Critics will say binational states don’t work. But Israel is already a binational state. Two peoples, roughly equal in number, live under the ultimate control of one government. (Even in Gaza, Palestinians can’t import milk, export tomatoes or travel abroad without Israel’s permission.) And the political science literature is clear: Divided societies are most stable and most peaceful when governments represent all their people.
That’s the lesson of Northern Ireland. When Protestants and the British government excluded Catholics, the Irish Republican Army killed an estimated 1,750 people between 1969 and 1994. When Catholics became equal political partners, the violence largely stopped. It’s the lesson of South Africa, where Nelson Mandela endorsed armed struggle until Blacks won the right to vote.
That lesson applies to Israel-Palestine, too. Yes, there are Palestinians who have committed acts of terrorism. But so have the members of many oppressed groups. History shows that when people gain their freedom, violence declines. In the words of Michael Melchior, an Orthodox rabbi and former Israeli cabinet member who has spent more than a decade forging relationships with leaders of Hamas, “I have yet to meet with somebody who is not willing to make peace.”

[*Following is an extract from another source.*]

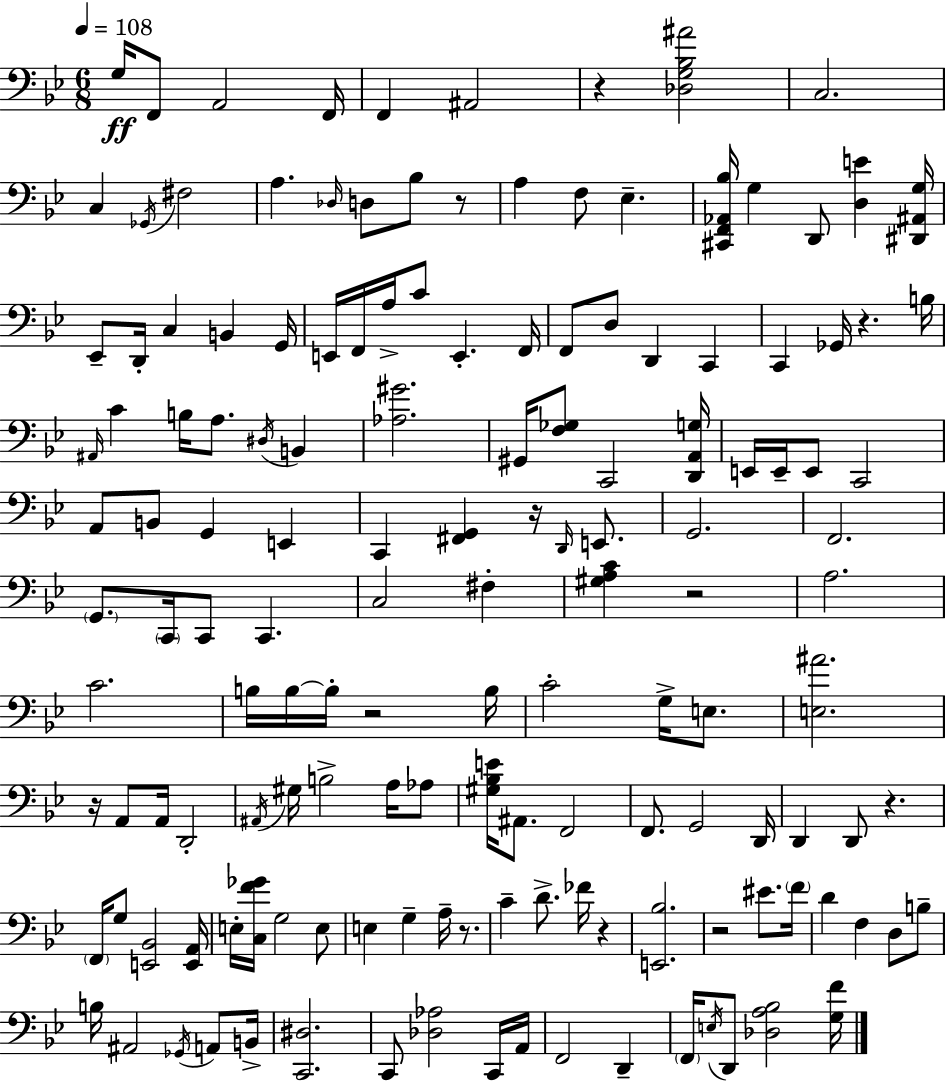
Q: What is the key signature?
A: BES major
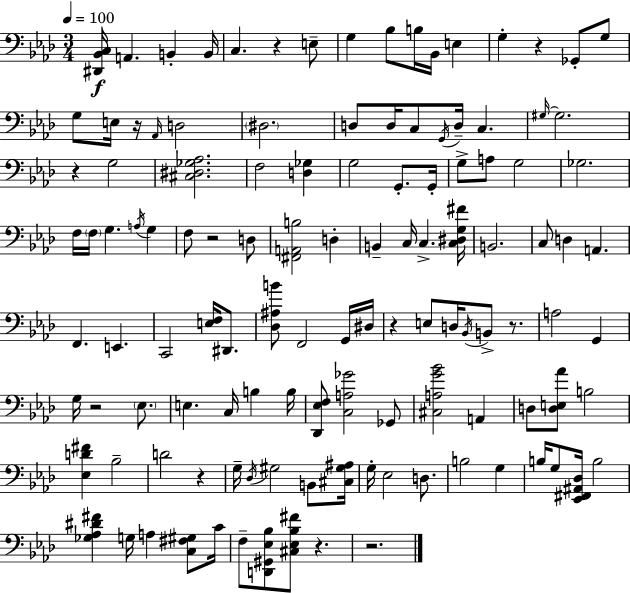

Rabbi Melchior recently told me that he still supports a two-state solution, but his point transcends any particular political arrangement: It is that Palestinians will live peacefully alongside Jews when they are granted basic rights.
What makes that hard for many Jews to grasp is the memory of the Holocaust. As the Israeli scholar Yehuda Elkana, a Holocaust survivor, wrote in 1988, what “motivates much of Israeli society in its relations with the Palestinians is not personal frustration, but rather a profound existential ‘Angst’ fed by a particular interpretation of the lessons of the Holocaust.” This Holocaust lens leads many Jews to assume that anything short of Jewish statehood would mean Jewish suicide.
But before the Holocaust, many leading Zionists did not believe that. “The aspiration for a nation-state was not central in the Zionist movement before the 1940s,” writes the Hebrew University historian Dmitry Shumsky in his book, “Beyond the Nation-State.” A Jewish state has become the dominant form of Zionism. But it is not the essence of Zionism. The essence of Zionism is a Jewish home in the land of Israel, a thriving Jewish society that can provide refuge and rejuvenation for Jews across the world.
That’s what my grandfather and father loved — not a Jewish state but a Jewish society, a Jewish home.
Israel-Palestine can be a Jewish home that is also, equally, a Palestinian home. And building that home can bring liberation not just for Palestinians but for us, too.
Peter Beinart is a professor of journalism and political science at the Newmark School of Journalism at CUNY and editor at large of Jewish Currents.